Japan Airlines Corp. (JAL) relisted on the Tokyo Stock Exchange (TSE) on Wednesday, demonstrating its full recovery from bankruptcy only 32 months ago both nominally and virtually.
JAL President Yoshiharu Ueki said in a statement that the relisting just marks a fresh start for the airline and vowed to make every effort to further improve its business performance through safe flight operations and better services while learning lessons from its past mistakes.
In their first day of trading on the First Section of the TSE, JAL shares closed at 3,830 yen ($48.50), barely above their initial public offering (IPO) price of 3,790 yen ($48.00). The IPO is the world’s second-biggest share sale this year after U.S.-based social networking giant Facebook Inc. JAL’s market value is one of the largest among airlines in the world, at about $8.7 billion.

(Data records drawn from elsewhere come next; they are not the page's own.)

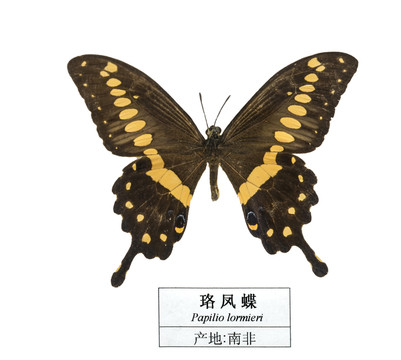 南非珞鳳蝶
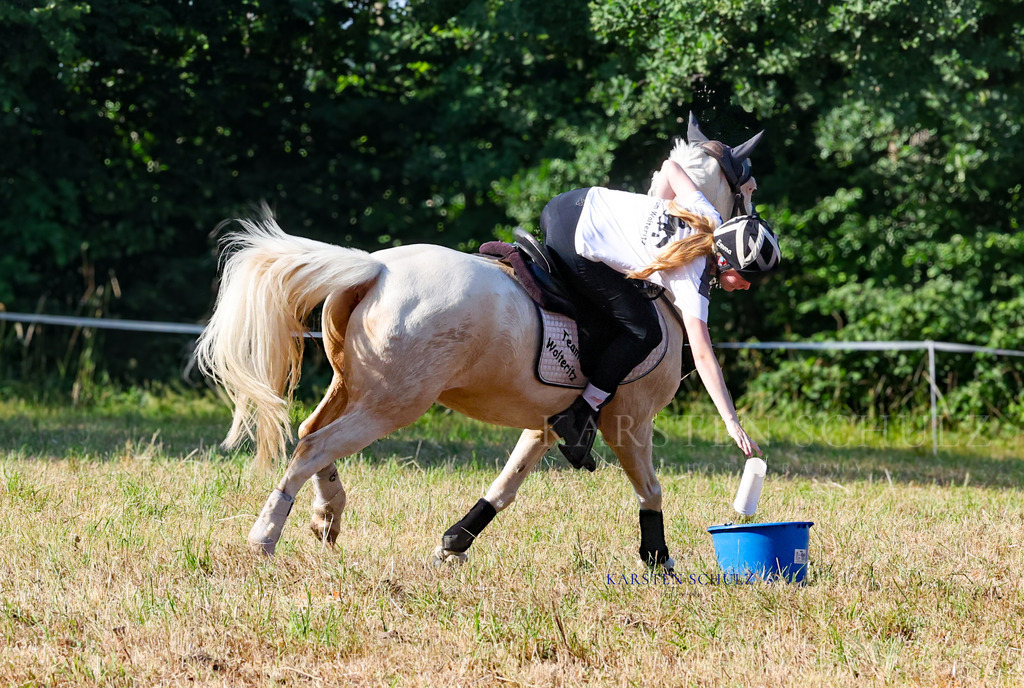 1B3A8562 | Reitsport Reiten
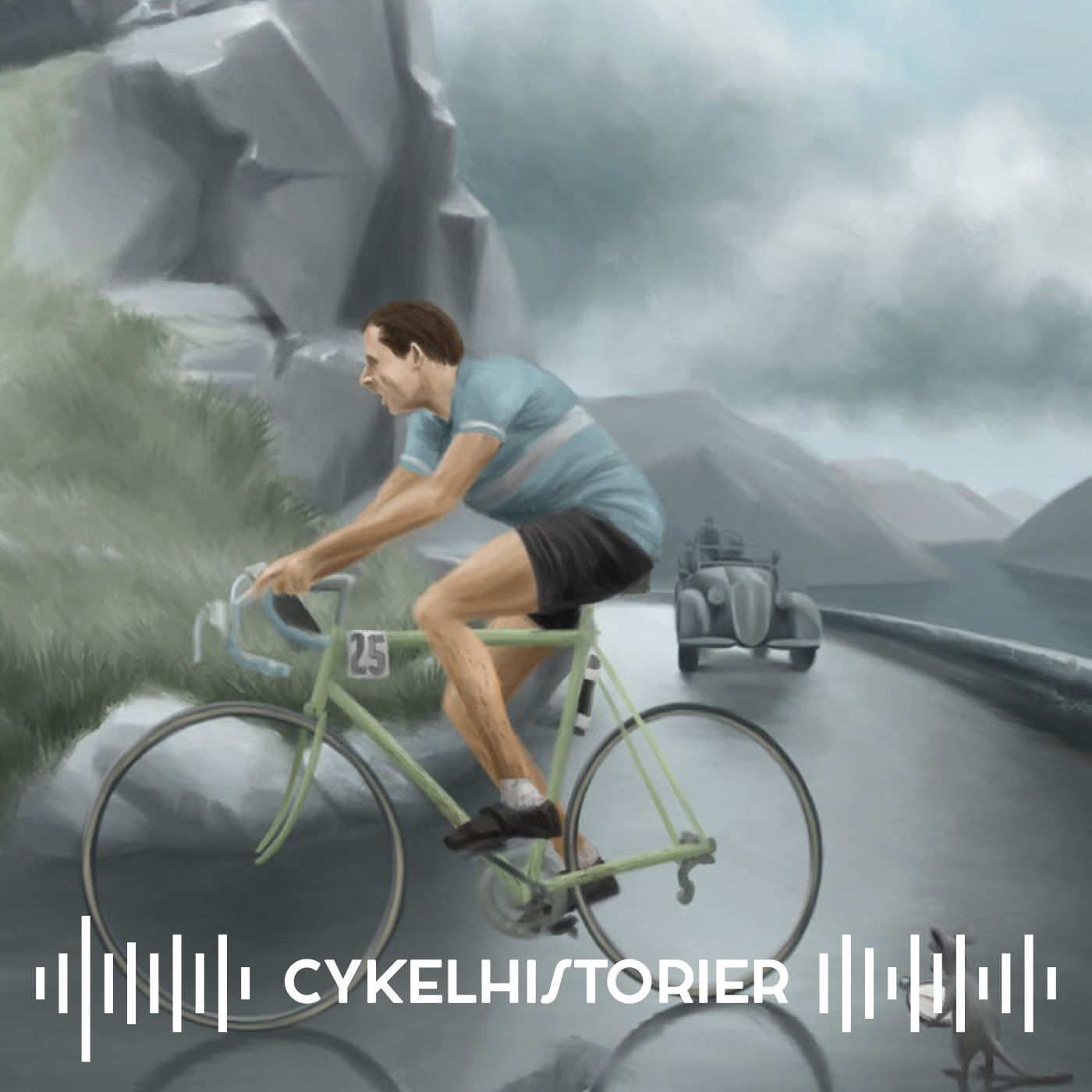 Škoda Cykelhistorier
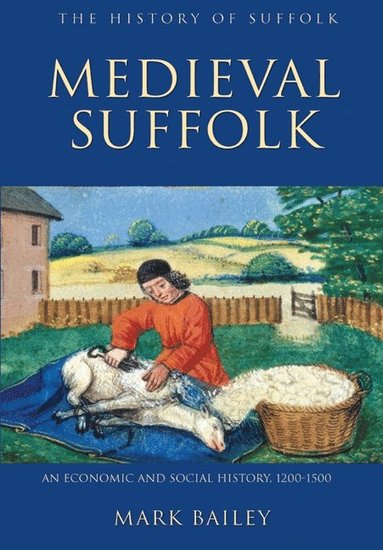 bokomslag Medieval Suffolk: An Economic and Social History, 1200-1500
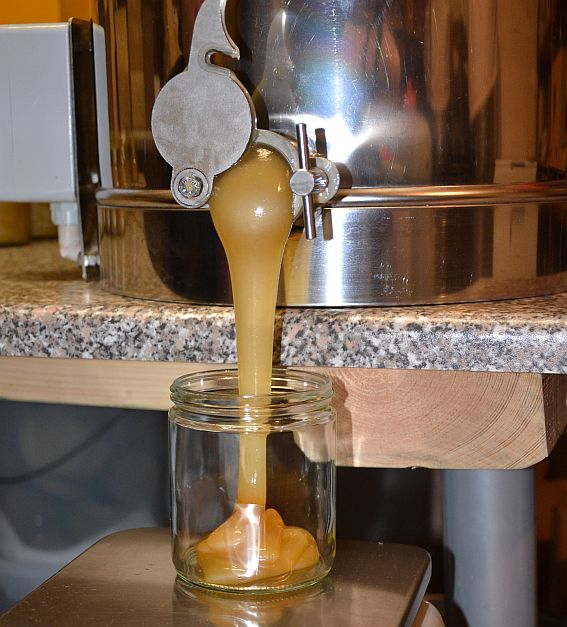 Honig fließt aus dem Abfüllhahn eines Edelstahlbehälters in ein Glas.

Enterprise Turnaround Initiative Corp. of Japan (ETIC), a government body that played a central role in the rehabilitation process for JAL, sold all its 175 million JAL shares, or 96.5% of the airline’s outstanding shares. ETIC spent $4.4 billion in public funds to bail out the airline and has now recouped those funds plus nearly $3.8 billion.
JAL filed for bankruptcy protection in January 2010 under the Corporate Rehabilitation Law, which is similar to Chapter 11 in the U.S., marking one of the biggest corporate failures in Japanese history. JAL shares were delisted from the TSE the following month. The carrier flew out of bankruptcy protection in March 2011.
JAL carried out drastic restructuring measures, including cutting more than one-third of its workforce and terminating many loss-making domestic and international routes. These turnaround efforts paid off.
JAL’s net profit soared 111.2 percent in the first quarter of fiscal 2012, which started on April 1, from a year earlier to $340.5 million on a consolidated basis. The airline attributed the strong showing to recovering passenger traffic and strenuous cost-cutting efforts.
JAL’s cargo operations are also recovering. Its international cargo volume grew for the sixth successive month in July on a year-on-year basis, rising 3.0 percent to 21,026 tons.